The Canadian economy expanded in November by 0.2% on a month-over-month basis, slightly exceeding expectations after staying flat for three months.
The goods-producing industries were responsible for most of the expansion, growing by 0.6%, the highest rate since January last year. Meanwhile, the services-producing industries grew by 0.1%, according to data released by Statistics Canada on Wednesday.
A soft landing is still in the cards, and the Bank of Canada said that it was not expecting a full-scale recession as the economy seems to still be crawling along.
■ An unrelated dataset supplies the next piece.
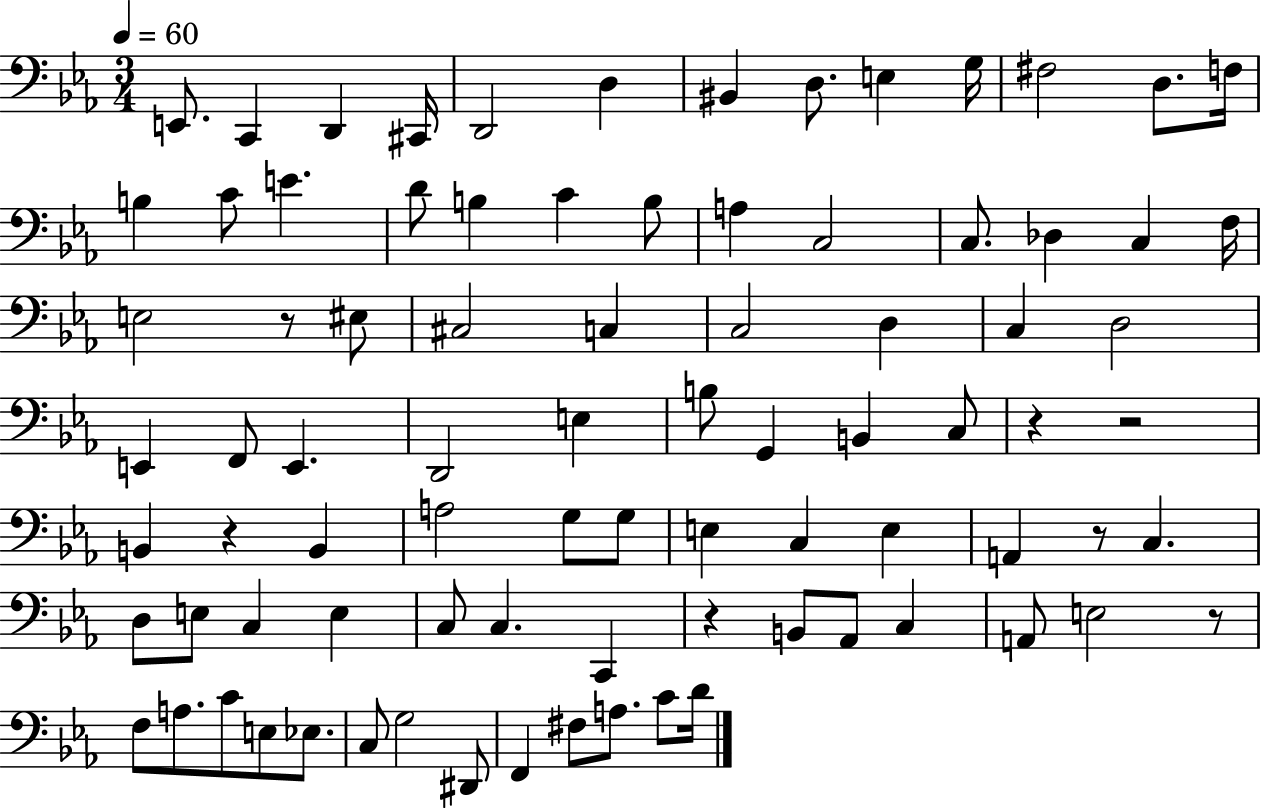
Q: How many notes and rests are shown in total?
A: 85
But the economy is in a delicate position, and prolonged restrictive financial conditions could tip the scale the other way.
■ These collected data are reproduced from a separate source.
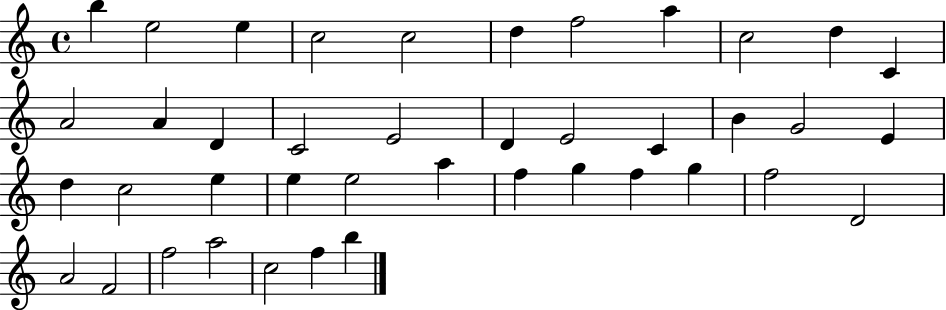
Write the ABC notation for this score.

X:1
T:Untitled
M:4/4
L:1/4
K:C
b e2 e c2 c2 d f2 a c2 d C A2 A D C2 E2 D E2 C B G2 E d c2 e e e2 a f g f g f2 D2 A2 F2 f2 a2 c2 f b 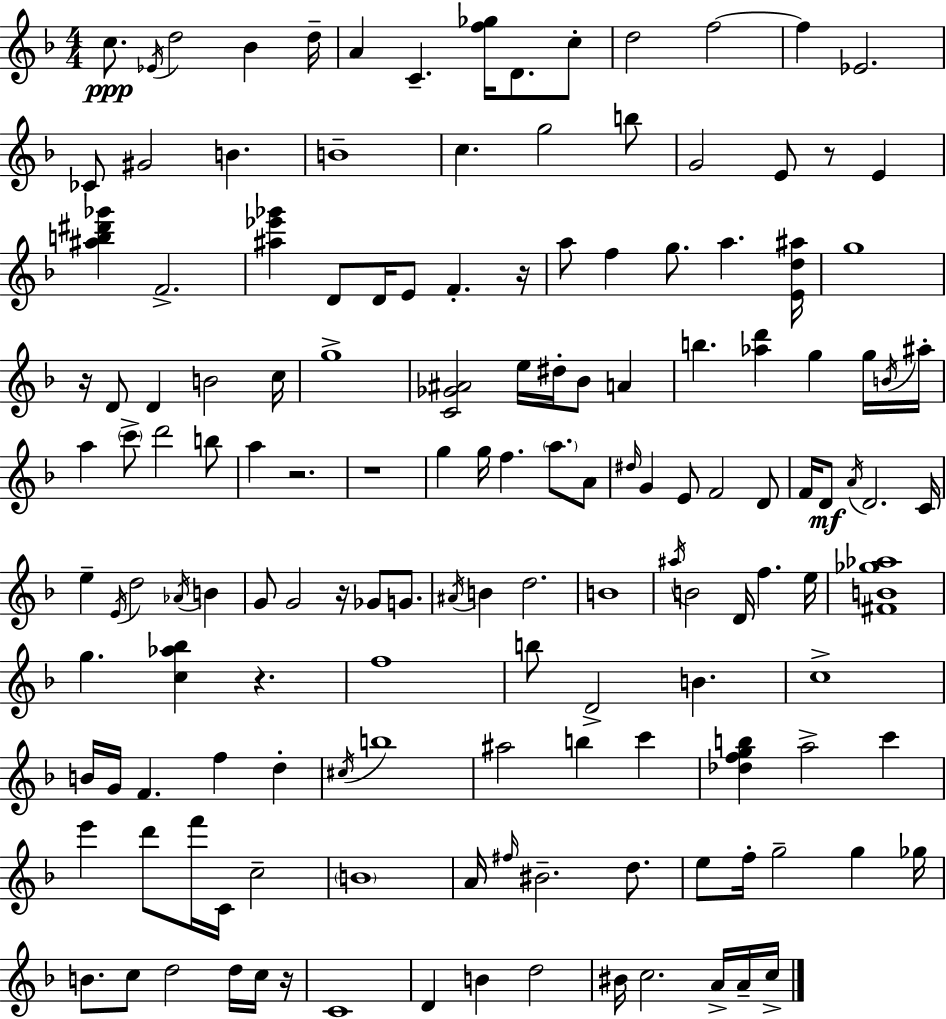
C5/e. Eb4/s D5/h Bb4/q D5/s A4/q C4/q. [F5,Gb5]/s D4/e. C5/e D5/h F5/h F5/q Eb4/h. CES4/e G#4/h B4/q. B4/w C5/q. G5/h B5/e G4/h E4/e R/e E4/q [A#5,B5,D#6,Gb6]/q F4/h. [A#5,Eb6,Gb6]/q D4/e D4/s E4/e F4/q. R/s A5/e F5/q G5/e. A5/q. [E4,D5,A#5]/s G5/w R/s D4/e D4/q B4/h C5/s G5/w [C4,Gb4,A#4]/h E5/s D#5/s Bb4/e A4/q B5/q. [Ab5,D6]/q G5/q G5/s B4/s A#5/s A5/q C6/e D6/h B5/e A5/q R/h. R/w G5/q G5/s F5/q. A5/e. A4/e D#5/s G4/q E4/e F4/h D4/e F4/s D4/e A4/s D4/h. C4/s E5/q E4/s D5/h Ab4/s B4/q G4/e G4/h R/s Gb4/e G4/e. A#4/s B4/q D5/h. B4/w A#5/s B4/h D4/s F5/q. E5/s [F#4,B4,Gb5,Ab5]/w G5/q. [C5,Ab5,Bb5]/q R/q. F5/w B5/e D4/h B4/q. C5/w B4/s G4/s F4/q. F5/q D5/q C#5/s B5/w A#5/h B5/q C6/q [Db5,F5,G5,B5]/q A5/h C6/q E6/q D6/e F6/s C4/s C5/h B4/w A4/s F#5/s BIS4/h. D5/e. E5/e F5/s G5/h G5/q Gb5/s B4/e. C5/e D5/h D5/s C5/s R/s C4/w D4/q B4/q D5/h BIS4/s C5/h. A4/s A4/s C5/s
Manufacturing, though, was a bright spot, growing by 0.9% and offering encouraging news for a backbone of the Canadian economy.
Even more encouraging was that the advance estimate for December’s real gross domestic product indicates that GDP could increase by 0.3%, because of expansion in manufacturing, real estate, and mining and oil and gas.
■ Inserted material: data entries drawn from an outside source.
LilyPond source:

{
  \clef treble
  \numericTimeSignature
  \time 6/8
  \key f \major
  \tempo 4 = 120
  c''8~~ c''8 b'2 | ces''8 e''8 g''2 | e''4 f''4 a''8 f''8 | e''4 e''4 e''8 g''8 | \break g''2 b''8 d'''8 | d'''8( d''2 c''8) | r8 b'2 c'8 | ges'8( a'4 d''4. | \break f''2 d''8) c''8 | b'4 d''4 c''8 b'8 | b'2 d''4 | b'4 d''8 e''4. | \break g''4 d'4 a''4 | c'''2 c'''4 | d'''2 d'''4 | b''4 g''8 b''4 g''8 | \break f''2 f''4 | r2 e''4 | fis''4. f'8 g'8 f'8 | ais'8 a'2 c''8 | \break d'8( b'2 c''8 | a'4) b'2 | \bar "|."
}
Read more of RSM Canada’s insights on the economy and the middle market.
Personal and household goods wholesaling increased by 2.1%. Information and cultural services rose by 0.5% in November after five consecutive monthly declines as the Hollywood strikes ended. It is a reminder of how closely connected the American and Canadian economies are.
On a year-over-year basis, GDP grew by 1.1%, with the goods-producing industries contracting by 0.6% while services-producing industries grew by 1.7%.
The GDP report provides some uplifting news for Canada. That said, the timing of the Bank of Canada’s decision to cut rates will depend on inflation and employment data. A small increase would support a possible soft landing, and would suggest a rate cut sooner rather than later.
The first quarter of this year will soon show whether or not the Canadian economy has enough resilience to push through until the first rate cut, which should occur in April.